Таким образом, эволюционные нововведения не являются следствием мутаций (хоть и используют их). Отбор выстраивает механизм генной регуляции под такую перестройку онтогенеза, которая «затребована» средой. Эта мысль кажется вам невероятной? А можно я, чтобы усилить ваш когнитивный диссонанс, процитирую И. И. Шмальгаузена — авторитета, которого сторонники СТЭ считают «своим»? Это из статьи «Стабилизирующий отбор и эволюция индивидуального развития».
«Мутации вводятся все более в русло направленных изменений. В основном они используются для наследственного “фиксирования” индивидуальных приспособлений, приобретающих постоянное значение в данных условиях существования. Вместе с тем усложняется система внутренних факторов развития, всё более занимающих место “недостаточно надёжных” внешних факторов, основные морфогенетические процессы защищаются всё более сложной системой регуляций.
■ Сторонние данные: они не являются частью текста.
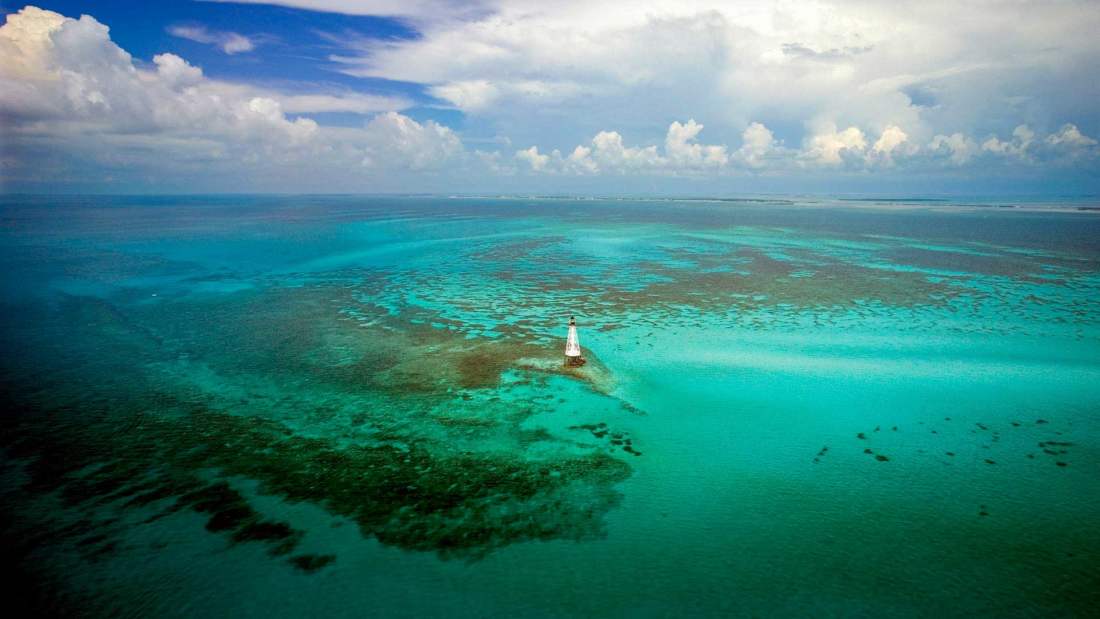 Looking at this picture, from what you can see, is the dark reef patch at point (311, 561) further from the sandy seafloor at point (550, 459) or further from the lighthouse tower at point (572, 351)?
the lighthouse tower at point (572, 351)

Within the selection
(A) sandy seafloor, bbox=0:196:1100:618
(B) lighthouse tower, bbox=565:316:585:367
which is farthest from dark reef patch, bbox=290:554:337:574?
(B) lighthouse tower, bbox=565:316:585:367

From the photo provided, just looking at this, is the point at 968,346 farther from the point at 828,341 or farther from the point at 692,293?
the point at 692,293

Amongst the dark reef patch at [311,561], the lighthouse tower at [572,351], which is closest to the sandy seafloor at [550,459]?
the dark reef patch at [311,561]

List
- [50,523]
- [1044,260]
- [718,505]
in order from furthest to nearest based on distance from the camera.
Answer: [1044,260] → [718,505] → [50,523]

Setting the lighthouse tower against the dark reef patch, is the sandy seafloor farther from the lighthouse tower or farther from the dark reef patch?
the lighthouse tower

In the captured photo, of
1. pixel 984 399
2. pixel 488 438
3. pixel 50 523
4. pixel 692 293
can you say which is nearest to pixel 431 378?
pixel 488 438

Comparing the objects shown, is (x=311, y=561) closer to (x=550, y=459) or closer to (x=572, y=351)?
(x=550, y=459)

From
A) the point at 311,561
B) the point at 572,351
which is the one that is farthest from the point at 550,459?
the point at 572,351

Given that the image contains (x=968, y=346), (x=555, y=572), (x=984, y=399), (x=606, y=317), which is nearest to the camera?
(x=555, y=572) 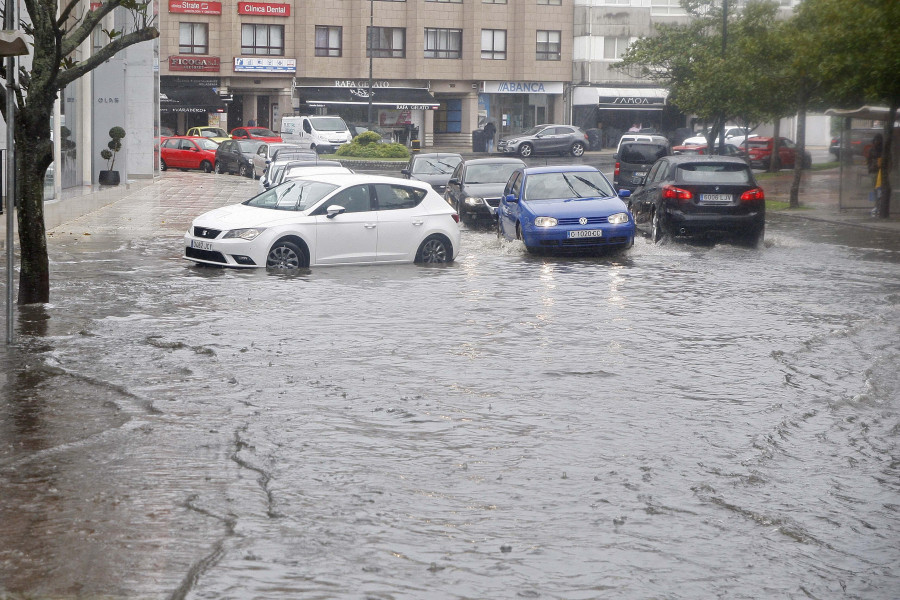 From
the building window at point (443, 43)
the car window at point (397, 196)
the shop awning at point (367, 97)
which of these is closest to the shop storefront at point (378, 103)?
the shop awning at point (367, 97)

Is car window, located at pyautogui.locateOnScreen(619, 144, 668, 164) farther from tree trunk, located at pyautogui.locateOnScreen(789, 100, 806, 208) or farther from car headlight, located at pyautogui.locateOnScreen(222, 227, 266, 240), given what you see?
car headlight, located at pyautogui.locateOnScreen(222, 227, 266, 240)

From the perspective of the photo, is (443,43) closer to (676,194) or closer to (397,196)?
(676,194)

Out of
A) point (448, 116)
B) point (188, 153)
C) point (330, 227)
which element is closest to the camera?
point (330, 227)

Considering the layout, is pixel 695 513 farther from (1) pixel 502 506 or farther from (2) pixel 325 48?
(2) pixel 325 48

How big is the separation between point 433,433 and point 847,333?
6091 millimetres

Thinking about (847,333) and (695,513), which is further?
(847,333)

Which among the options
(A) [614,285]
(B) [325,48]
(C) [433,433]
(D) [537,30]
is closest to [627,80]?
(D) [537,30]

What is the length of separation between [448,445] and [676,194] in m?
14.6

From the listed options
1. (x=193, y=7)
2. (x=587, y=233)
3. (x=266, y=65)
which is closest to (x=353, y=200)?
(x=587, y=233)

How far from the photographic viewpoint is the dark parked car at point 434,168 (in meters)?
32.0

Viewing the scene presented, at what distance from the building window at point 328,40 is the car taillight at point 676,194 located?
5066 centimetres

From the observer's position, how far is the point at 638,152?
1443 inches

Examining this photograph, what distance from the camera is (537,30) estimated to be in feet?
242

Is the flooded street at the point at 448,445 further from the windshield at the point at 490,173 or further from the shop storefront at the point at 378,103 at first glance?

Благодаря регуляторным механизмам создаётся более прочная основа не только для индивидуальных онтогенезов, но и для дальнейшего процесса исторического образования организмов, и вся эволюция приобретает характер устойчивого движения». И. И. Шмальгаузен
К сожалению, эти мысли Шмальгаузена просто игнорируются сторонниками СТЭ (впрочем, и сам Шмальгаузен временами сам себе противоречил).
СТЭ пытается объяснить онтогенез на уровне отдельных генов. Чем дальше уходит в своём развитии генетика развития, тем более сложной становится эта задача. Сказанное мной не означает, что онтогенез не опирается на гены. Опирается, но на их уровне он необъясним. Приведу аналогию. Свойства газов можно изучать на уровне их отдельных молекул и на уровне газа как физического тела. Гены и их эффекты взаимодействуют намного сложнее, чем молекулы газа. Поэтому взаимодействие влияющих на онтогенез причин намного сложнее описать «на языке» отдельных генов, чем, например, описать цикл Карно «на языке» отдельных молекул.
Итак. Критики ЭТЭ упрекают её (увы, в большой мере справедливо) за избыточную теоретичность. Но ситуация в науке меняется: сейчас благодаря успехам сравнительной геномики получен огромный массив данных о том, как меняются гены организмов по мере их эволюции. Пока этот массив изучают в основном для реконструкции филогенеза (определения «траекторий» эволюции), но его анализ может дать много ценной информации и о механизмах регистрируемых изменений.
Означает ли то, что я написал, недоверие к результатам, полученным в рамках концепции Evo-Devo? Нет, конечно же, речь идёт о чрезвычайно ценном материале! Просто, по моему мнению, для её сторонников настало время переоценить ценности и отказаться от упрощённой логики СТЭ.
…
Интересно, а как то, что я здесь написал, будет восприниматься через десять и через двадцать лет?